- **TASK DIRECTIONS**:
Among the entries below, find the line with "Replacement Thermal Anemometer", then quote it and each following line up to and including the line with "Sofubi Figure - Bakuryuu Sentai Abaranger", and nothing else.

Dataset entries
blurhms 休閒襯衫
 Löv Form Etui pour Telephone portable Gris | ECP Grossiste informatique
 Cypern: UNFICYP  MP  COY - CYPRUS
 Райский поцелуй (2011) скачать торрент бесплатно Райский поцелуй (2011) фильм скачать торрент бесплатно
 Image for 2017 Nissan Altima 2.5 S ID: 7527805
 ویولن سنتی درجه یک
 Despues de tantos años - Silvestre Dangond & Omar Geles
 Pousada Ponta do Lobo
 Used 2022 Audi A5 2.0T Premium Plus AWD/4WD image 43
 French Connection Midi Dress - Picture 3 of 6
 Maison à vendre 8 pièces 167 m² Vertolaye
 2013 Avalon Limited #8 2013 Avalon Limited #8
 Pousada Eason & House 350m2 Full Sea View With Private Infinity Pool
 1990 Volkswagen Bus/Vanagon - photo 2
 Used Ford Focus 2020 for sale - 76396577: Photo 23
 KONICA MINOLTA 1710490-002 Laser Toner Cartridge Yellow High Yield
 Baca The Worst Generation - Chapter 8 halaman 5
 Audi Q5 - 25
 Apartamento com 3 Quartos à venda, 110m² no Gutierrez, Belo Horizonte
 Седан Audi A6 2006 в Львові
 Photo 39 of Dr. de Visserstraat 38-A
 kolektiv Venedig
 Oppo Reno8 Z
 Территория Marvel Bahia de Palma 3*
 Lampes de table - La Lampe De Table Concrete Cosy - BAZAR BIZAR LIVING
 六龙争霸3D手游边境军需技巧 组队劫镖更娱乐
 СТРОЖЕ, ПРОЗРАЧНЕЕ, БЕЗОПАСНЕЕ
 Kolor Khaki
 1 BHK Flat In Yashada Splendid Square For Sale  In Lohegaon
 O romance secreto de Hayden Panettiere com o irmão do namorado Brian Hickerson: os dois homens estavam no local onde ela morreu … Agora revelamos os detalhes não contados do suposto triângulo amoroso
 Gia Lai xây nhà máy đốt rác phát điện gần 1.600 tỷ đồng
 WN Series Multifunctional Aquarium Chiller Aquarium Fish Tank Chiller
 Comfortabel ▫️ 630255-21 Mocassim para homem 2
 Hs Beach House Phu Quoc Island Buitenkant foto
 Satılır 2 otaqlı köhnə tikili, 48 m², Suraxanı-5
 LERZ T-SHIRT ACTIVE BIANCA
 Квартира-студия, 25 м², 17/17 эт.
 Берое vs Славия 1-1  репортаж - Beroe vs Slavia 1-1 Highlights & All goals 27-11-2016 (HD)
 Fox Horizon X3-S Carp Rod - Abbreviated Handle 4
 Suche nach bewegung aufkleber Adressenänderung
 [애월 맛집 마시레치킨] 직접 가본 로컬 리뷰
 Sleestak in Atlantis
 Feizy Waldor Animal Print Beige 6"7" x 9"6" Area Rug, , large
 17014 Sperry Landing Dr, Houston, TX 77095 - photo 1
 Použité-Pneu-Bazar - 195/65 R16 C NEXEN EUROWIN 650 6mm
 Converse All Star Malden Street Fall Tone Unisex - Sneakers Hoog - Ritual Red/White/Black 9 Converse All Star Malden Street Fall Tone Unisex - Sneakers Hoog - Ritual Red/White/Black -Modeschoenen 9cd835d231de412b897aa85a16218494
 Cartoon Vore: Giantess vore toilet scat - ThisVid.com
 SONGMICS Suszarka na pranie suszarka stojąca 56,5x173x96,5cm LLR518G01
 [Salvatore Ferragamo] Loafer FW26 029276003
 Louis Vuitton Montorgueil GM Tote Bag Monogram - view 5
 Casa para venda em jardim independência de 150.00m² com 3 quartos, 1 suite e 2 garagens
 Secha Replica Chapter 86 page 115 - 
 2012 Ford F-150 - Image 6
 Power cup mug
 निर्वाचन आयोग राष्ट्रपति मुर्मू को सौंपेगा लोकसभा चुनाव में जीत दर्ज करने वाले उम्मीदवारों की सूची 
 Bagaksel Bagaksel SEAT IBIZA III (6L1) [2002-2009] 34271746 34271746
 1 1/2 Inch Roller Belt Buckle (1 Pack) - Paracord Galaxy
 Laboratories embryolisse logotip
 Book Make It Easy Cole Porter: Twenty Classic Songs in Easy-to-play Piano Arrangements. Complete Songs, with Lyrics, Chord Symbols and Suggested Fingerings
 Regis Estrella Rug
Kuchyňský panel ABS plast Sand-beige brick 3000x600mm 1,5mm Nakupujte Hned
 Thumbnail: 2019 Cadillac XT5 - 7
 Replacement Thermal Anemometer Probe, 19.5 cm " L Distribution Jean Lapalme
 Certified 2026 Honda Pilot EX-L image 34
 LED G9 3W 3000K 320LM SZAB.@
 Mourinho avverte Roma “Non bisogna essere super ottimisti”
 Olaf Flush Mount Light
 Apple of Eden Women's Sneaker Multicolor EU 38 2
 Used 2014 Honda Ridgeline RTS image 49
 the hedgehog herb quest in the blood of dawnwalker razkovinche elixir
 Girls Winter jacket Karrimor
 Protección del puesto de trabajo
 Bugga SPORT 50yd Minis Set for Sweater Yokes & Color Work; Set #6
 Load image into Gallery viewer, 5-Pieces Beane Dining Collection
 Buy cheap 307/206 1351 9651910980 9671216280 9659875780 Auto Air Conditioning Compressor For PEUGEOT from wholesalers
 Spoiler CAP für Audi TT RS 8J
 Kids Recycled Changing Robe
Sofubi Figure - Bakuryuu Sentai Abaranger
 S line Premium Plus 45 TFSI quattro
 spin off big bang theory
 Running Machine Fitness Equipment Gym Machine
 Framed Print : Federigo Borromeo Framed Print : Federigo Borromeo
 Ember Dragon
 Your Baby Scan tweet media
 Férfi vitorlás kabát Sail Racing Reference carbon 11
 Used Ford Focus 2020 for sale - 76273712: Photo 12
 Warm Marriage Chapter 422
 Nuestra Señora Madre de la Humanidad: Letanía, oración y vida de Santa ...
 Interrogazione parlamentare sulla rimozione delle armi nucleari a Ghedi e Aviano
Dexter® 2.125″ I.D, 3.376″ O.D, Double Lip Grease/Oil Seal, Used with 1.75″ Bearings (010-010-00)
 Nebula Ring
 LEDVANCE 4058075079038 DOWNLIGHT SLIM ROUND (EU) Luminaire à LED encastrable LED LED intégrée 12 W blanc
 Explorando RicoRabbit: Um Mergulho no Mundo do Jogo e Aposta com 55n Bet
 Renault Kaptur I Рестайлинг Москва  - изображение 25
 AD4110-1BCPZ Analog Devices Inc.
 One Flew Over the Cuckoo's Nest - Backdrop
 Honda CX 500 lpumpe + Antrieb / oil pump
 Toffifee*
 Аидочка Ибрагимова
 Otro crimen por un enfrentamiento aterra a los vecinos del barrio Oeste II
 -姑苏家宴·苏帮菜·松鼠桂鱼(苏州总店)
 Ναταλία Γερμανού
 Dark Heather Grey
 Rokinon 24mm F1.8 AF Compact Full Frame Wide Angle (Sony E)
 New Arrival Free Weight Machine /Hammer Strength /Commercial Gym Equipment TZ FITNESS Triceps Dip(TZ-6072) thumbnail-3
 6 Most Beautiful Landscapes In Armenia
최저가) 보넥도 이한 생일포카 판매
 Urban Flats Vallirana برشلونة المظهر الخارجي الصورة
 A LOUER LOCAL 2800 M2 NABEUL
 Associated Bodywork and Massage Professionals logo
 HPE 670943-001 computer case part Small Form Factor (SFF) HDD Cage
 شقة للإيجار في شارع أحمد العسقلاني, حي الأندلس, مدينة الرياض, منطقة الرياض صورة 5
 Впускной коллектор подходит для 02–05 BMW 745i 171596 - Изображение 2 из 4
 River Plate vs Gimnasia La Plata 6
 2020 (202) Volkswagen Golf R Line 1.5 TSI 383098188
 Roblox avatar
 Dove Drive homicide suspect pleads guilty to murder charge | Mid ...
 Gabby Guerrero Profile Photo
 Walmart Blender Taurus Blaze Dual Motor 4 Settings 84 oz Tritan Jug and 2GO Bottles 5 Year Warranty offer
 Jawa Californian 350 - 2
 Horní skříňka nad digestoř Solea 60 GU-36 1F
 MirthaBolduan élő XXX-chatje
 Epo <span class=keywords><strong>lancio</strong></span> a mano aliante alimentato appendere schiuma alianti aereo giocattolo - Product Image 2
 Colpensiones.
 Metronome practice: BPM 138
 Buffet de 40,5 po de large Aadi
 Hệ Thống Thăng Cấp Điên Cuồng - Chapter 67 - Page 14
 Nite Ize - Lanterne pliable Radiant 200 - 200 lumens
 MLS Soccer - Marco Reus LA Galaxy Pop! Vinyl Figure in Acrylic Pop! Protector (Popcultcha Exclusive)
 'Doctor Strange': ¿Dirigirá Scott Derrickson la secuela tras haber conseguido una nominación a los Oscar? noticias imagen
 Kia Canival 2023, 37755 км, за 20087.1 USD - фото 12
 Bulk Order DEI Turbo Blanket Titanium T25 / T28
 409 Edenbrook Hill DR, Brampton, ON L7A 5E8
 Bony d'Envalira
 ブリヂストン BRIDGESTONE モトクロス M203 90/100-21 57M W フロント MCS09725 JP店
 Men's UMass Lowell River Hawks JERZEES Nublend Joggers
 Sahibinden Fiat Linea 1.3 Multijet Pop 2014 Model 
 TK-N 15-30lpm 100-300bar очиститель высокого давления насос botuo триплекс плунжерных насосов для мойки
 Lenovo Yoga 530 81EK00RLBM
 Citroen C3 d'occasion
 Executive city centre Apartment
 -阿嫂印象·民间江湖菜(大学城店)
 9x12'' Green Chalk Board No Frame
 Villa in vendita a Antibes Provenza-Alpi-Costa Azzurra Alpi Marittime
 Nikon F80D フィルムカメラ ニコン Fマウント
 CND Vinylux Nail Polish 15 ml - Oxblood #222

- **ANSWER SPACE**:
 Replacement Thermal Anemometer Probe, 19.5 cm " L Distribution Jean Lapalme
 Certified 2026 Honda Pilot EX-L image 34
 LED G9 3W 3000K 320LM SZAB.@
 Mourinho avverte Roma “Non bisogna essere super ottimisti”
 Olaf Flush Mount Light
 Apple of Eden Women's Sneaker Multicolor EU 38 2
 Used 2014 Honda Ridgeline RTS image 49
 the hedgehog herb quest in the blood of dawnwalker razkovinche elixir
 Girls Winter jacket Karrimor
 Protección del puesto de trabajo
 Bugga SPORT 50yd Minis Set for Sweater Yokes & Color Work; Set #6
 Load image into Gallery viewer, 5-Pieces Beane Dining Collection
 Buy cheap 307/206 1351 9651910980 9671216280 9659875780 Auto Air Conditioning Compressor For PEUGEOT from wholesalers
 Spoiler CAP für Audi TT RS 8J
 Kids Recycled Changing Robe
Sofubi Figure - Bakuryuu Sentai Abaranger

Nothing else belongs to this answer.